Its great to be able to see that you’re always worried about doing meditation the ‘right’ way, and that this is a hindrance to letting go.

If you follow Ajahn Brahms method, you’ll know that he ‘reviews’ the meditation experience at the very end; the peace-o-meter :smiley: If at the end of the meditation you are feeling dull and heavy, you could use that observation to investigate your meditation experience further. If however, you feel bright, calm and happy/peaceful, then I think it’s safe to say that the meditation process is skillful :slight_smile:

In this way, one can use ones own perceptions as the basis for exploring the process, rather than trying to follow a how-to ‘recipe’ style approach…

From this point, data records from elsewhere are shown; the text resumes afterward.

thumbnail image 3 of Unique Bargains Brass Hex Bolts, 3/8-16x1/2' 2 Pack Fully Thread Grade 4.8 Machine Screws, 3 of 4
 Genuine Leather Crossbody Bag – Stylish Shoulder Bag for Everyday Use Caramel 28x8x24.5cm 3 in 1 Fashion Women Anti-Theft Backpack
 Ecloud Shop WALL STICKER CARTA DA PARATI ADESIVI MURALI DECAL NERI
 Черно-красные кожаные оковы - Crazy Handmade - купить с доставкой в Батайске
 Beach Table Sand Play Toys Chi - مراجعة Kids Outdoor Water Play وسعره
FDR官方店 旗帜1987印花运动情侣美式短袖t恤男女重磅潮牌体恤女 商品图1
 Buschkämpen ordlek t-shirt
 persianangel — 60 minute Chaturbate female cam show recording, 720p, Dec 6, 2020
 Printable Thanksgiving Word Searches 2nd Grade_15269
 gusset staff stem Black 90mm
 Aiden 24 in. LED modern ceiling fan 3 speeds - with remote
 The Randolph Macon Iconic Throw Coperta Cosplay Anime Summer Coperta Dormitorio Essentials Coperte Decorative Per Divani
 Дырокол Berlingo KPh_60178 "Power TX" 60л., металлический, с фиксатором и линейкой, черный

There is heaps written about satipattanna practice that you can read (just do a search of topics), but the significant thing that stands out for me from your question is the identification of fear and worry as a hindrance to letting go, and that is a great thing to explore :smiley:

Added: A sutta support for using ones own experience as a guide :slight_smile:
“So, Kālāmas, when I said: ‘Please, don’t go by oral transmission, don’t go by lineage, don’t go by testament, don’t go by canonical authority, don’t rely on logic, don’t rely on inference, don’t go by reasoned contemplation, don’t go by the acceptance of a view after consideration, don’t go by the appearance of competence, and don’t think “The ascetic is our respected teacher.” But when you know for yourselves:

“These things are skillful, blameless, praised by sensible people, and when you undertake them, they lead to welfare and happiness”, then you should acquire them and keep them.’ That’s what I said, and this is why I said it.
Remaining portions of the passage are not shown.